[Start of Attachment]

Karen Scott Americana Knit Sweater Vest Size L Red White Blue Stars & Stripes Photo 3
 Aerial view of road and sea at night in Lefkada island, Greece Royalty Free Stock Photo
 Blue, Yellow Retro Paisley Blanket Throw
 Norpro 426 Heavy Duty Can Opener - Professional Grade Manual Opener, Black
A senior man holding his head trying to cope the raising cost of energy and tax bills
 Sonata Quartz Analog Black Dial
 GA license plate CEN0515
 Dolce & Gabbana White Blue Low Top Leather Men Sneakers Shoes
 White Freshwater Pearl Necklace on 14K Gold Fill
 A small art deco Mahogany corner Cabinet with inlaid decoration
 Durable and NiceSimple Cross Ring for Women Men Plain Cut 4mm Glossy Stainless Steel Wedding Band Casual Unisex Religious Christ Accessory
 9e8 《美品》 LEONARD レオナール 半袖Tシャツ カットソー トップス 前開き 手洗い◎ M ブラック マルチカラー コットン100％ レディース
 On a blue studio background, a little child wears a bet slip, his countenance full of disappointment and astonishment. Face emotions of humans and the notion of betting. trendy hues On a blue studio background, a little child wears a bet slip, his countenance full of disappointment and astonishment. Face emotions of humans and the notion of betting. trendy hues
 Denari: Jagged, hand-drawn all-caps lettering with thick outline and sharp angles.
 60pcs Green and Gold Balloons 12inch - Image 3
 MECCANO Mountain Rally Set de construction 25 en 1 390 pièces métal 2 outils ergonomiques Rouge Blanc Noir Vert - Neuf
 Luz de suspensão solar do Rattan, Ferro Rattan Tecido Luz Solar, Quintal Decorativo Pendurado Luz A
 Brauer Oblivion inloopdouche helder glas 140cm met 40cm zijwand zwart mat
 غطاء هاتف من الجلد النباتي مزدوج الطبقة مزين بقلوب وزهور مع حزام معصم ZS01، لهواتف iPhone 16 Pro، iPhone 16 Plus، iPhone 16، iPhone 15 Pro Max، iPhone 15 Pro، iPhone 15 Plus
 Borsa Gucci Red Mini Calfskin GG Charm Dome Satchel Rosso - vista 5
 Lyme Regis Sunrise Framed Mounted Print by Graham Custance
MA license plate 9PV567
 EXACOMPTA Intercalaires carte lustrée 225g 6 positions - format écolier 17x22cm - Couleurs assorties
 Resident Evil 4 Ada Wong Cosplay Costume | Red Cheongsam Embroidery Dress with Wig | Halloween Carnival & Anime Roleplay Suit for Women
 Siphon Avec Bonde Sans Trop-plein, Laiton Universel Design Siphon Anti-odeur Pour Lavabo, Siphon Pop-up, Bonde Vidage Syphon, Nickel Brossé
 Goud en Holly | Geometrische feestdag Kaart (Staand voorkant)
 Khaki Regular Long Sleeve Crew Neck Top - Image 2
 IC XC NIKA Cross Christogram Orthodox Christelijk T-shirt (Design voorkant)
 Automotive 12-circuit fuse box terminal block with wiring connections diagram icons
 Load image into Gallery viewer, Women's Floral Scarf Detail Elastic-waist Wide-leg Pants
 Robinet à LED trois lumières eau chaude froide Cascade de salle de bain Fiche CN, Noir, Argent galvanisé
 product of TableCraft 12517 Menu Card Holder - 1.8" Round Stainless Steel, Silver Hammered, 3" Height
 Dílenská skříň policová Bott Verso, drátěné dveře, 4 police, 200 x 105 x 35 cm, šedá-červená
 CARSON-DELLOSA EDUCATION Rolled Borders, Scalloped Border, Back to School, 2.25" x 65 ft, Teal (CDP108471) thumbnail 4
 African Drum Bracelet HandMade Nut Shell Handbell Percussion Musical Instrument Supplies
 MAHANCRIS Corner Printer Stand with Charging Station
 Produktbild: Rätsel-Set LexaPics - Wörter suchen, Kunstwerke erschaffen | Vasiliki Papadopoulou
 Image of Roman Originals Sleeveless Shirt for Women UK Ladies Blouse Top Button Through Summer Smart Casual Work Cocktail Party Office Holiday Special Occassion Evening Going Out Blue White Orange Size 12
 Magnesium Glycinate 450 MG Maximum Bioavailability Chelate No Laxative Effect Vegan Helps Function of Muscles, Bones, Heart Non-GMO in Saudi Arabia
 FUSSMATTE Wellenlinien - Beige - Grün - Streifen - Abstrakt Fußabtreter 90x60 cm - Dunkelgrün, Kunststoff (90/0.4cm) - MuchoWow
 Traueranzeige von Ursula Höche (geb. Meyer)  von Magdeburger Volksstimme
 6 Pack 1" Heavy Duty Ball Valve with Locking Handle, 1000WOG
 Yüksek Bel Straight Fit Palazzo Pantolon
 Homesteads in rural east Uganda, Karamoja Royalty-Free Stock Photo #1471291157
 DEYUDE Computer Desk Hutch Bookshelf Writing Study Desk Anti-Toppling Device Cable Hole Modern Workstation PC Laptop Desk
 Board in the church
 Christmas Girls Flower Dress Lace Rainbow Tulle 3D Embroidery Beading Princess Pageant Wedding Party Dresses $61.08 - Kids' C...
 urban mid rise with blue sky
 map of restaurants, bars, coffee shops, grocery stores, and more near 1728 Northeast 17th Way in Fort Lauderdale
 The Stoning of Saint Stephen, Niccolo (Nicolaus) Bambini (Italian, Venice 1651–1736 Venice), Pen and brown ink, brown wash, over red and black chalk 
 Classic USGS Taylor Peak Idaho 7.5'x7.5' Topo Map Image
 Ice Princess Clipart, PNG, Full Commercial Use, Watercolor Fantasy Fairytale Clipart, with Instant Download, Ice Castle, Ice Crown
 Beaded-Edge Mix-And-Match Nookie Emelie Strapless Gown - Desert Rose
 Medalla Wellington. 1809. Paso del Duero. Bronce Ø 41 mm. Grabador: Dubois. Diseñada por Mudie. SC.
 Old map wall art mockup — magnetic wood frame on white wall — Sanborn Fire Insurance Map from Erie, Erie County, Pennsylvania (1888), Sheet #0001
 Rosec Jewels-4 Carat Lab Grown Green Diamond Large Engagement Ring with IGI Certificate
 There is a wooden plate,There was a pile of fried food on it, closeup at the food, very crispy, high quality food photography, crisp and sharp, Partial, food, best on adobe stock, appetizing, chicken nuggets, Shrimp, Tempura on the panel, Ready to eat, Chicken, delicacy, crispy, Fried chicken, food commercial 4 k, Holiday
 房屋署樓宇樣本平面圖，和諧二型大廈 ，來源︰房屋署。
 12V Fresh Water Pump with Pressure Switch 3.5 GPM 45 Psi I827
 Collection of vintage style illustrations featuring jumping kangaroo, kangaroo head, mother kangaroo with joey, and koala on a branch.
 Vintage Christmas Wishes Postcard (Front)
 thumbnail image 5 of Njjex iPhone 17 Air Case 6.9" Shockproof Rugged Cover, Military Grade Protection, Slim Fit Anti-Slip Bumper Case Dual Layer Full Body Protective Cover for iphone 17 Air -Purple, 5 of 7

[End of Attachment]

• REQUIRED WORK:
Each line of the listing should be copied exactly, with none left out.

• WRITTEN SOLUTION:
Karen Scott Americana Knit Sweater Vest Size L Red White Blue Stars & Stripes Photo 3
 Aerial view of road and sea at night in Lefkada island, Greece Royalty Free Stock Photo
 Blue, Yellow Retro Paisley Blanket Throw
 Norpro 426 Heavy Duty Can Opener - Professional Grade Manual Opener, Black
A senior man holding his head trying to cope the raising cost of energy and tax bills
 Sonata Quartz Analog Black Dial
 GA license plate CEN0515
 Dolce & Gabbana White Blue Low Top Leather Men Sneakers Shoes
 White Freshwater Pearl Necklace on 14K Gold Fill
 A small art deco Mahogany corner Cabinet with inlaid decoration
 Durable and NiceSimple Cross Ring for Women Men Plain Cut 4mm Glossy Stainless Steel Wedding Band Casual Unisex Religious Christ Accessory
 9e8 《美品》 LEONARD レオナール 半袖Tシャツ カットソー トップス 前開き 手洗い◎ M ブラック マルチカラー コットン100％ レディース
 On a blue studio background, a little child wears a bet slip, his countenance full of disappointment and astonishment. Face emotions of humans and the notion of betting. trendy hues On a blue studio background, a little child wears a bet slip, his countenance full of disappointment and astonishment. Face emotions of humans and the notion of betting. trendy hues
 Denari: Jagged, hand-drawn all-caps lettering with thick outline and sharp angles.
 60pcs Green and Gold Balloons 12inch - Image 3
 MECCANO Mountain Rally Set de construction 25 en 1 390 pièces métal 2 outils ergonomiques Rouge Blanc Noir Vert - Neuf
 Luz de suspensão solar do Rattan, Ferro Rattan Tecido Luz Solar, Quintal Decorativo Pendurado Luz A
 Brauer Oblivion inloopdouche helder glas 140cm met 40cm zijwand zwart mat
 غطاء هاتف من الجلد النباتي مزدوج الطبقة مزين بقلوب وزهور مع حزام معصم ZS01، لهواتف iPhone 16 Pro، iPhone 16 Plus، iPhone 16، iPhone 15 Pro Max، iPhone 15 Pro، iPhone 15 Plus
 Borsa Gucci Red Mini Calfskin GG Charm Dome Satchel Rosso - vista 5
 Lyme Regis Sunrise Framed Mounted Print by Graham Custance
MA license plate 9PV567
 EXACOMPTA Intercalaires carte lustrée 225g 6 positions - format écolier 17x22cm - Couleurs assorties
 Resident Evil 4 Ada Wong Cosplay Costume | Red Cheongsam Embroidery Dress with Wig | Halloween Carnival & Anime Roleplay Suit for Women
 Siphon Avec Bonde Sans Trop-plein, Laiton Universel Design Siphon Anti-odeur Pour Lavabo, Siphon Pop-up, Bonde Vidage Syphon, Nickel Brossé
 Goud en Holly | Geometrische feestdag Kaart (Staand voorkant)
 Khaki Regular Long Sleeve Crew Neck Top - Image 2
 IC XC NIKA Cross Christogram Orthodox Christelijk T-shirt (Design voorkant)
 Automotive 12-circuit fuse box terminal block with wiring connections diagram icons
 Load image into Gallery viewer, Women's Floral Scarf Detail Elastic-waist Wide-leg Pants
 Robinet à LED trois lumières eau chaude froide Cascade de salle de bain Fiche CN, Noir, Argent galvanisé
 product of TableCraft 12517 Menu Card Holder - 1.8" Round Stainless Steel, Silver Hammered, 3" Height
 Dílenská skříň policová Bott Verso, drátěné dveře, 4 police, 200 x 105 x 35 cm, šedá-červená
 CARSON-DELLOSA EDUCATION Rolled Borders, Scalloped Border, Back to School, 2.25" x 65 ft, Teal (CDP108471) thumbnail 4
 African Drum Bracelet HandMade Nut Shell Handbell Percussion Musical Instrument Supplies
 MAHANCRIS Corner Printer Stand with Charging Station
 Produktbild: Rätsel-Set LexaPics - Wörter suchen, Kunstwerke erschaffen | Vasiliki Papadopoulou
 Image of Roman Originals Sleeveless Shirt for Women UK Ladies Blouse Top Button Through Summer Smart Casual Work Cocktail Party Office Holiday Special Occassion Evening Going Out Blue White Orange Size 12
 Magnesium Glycinate 450 MG Maximum Bioavailability Chelate No Laxative Effect Vegan Helps Function of Muscles, Bones, Heart Non-GMO in Saudi Arabia
 FUSSMATTE Wellenlinien - Beige - Grün - Streifen - Abstrakt Fußabtreter 90x60 cm - Dunkelgrün, Kunststoff (90/0.4cm) - MuchoWow
 Traueranzeige von Ursula Höche (geb. Meyer)  von Magdeburger Volksstimme
 6 Pack 1" Heavy Duty Ball Valve with Locking Handle, 1000WOG
 Yüksek Bel Straight Fit Palazzo Pantolon
 Homesteads in rural east Uganda, Karamoja Royalty-Free Stock Photo #1471291157
 DEYUDE Computer Desk Hutch Bookshelf Writing Study Desk Anti-Toppling Device Cable Hole Modern Workstation PC Laptop Desk
 Board in the church
 Christmas Girls Flower Dress Lace Rainbow Tulle 3D Embroidery Beading Princess Pageant Wedding Party Dresses $61.08 - Kids' C...
 urban mid rise with blue sky
 map of restaurants, bars, coffee shops, grocery stores, and more near 1728 Northeast 17th Way in Fort Lauderdale
 The Stoning of Saint Stephen, Niccolo (Nicolaus) Bambini (Italian, Venice 1651–1736 Venice), Pen and brown ink, brown wash, over red and black chalk 
 Classic USGS Taylor Peak Idaho 7.5'x7.5' Topo Map Image
 Ice Princess Clipart, PNG, Full Commercial Use, Watercolor Fantasy Fairytale Clipart, with Instant Download, Ice Castle, Ice Crown
 Beaded-Edge Mix-And-Match Nookie Emelie Strapless Gown - Desert Rose
 Medalla Wellington. 1809. Paso del Duero. Bronce Ø 41 mm. Grabador: Dubois. Diseñada por Mudie. SC.
 Old map wall art mockup — magnetic wood frame on white wall — Sanborn Fire Insurance Map from Erie, Erie County, Pennsylvania (1888), Sheet #0001
 Rosec Jewels-4 Carat Lab Grown Green Diamond Large Engagement Ring with IGI Certificate
 There is a wooden plate,There was a pile of fried food on it, closeup at the food, very crispy, high quality food photography, crisp and sharp, Partial, food, best on adobe stock, appetizing, chicken nuggets, Shrimp, Tempura on the panel, Ready to eat, Chicken, delicacy, crispy, Fried chicken, food commercial 4 k, Holiday
 房屋署樓宇樣本平面圖，和諧二型大廈 ，來源︰房屋署。
 12V Fresh Water Pump with Pressure Switch 3.5 GPM 45 Psi I827
 Collection of vintage style illustrations featuring jumping kangaroo, kangaroo head, mother kangaroo with joey, and koala on a branch.
 Vintage Christmas Wishes Postcard (Front)
 thumbnail image 5 of Njjex iPhone 17 Air Case 6.9" Shockproof Rugged Cover, Military Grade Protection, Slim Fit Anti-Slip Bumper Case Dual Layer Full Body Protective Cover for iphone 17 Air -Purple, 5 of 7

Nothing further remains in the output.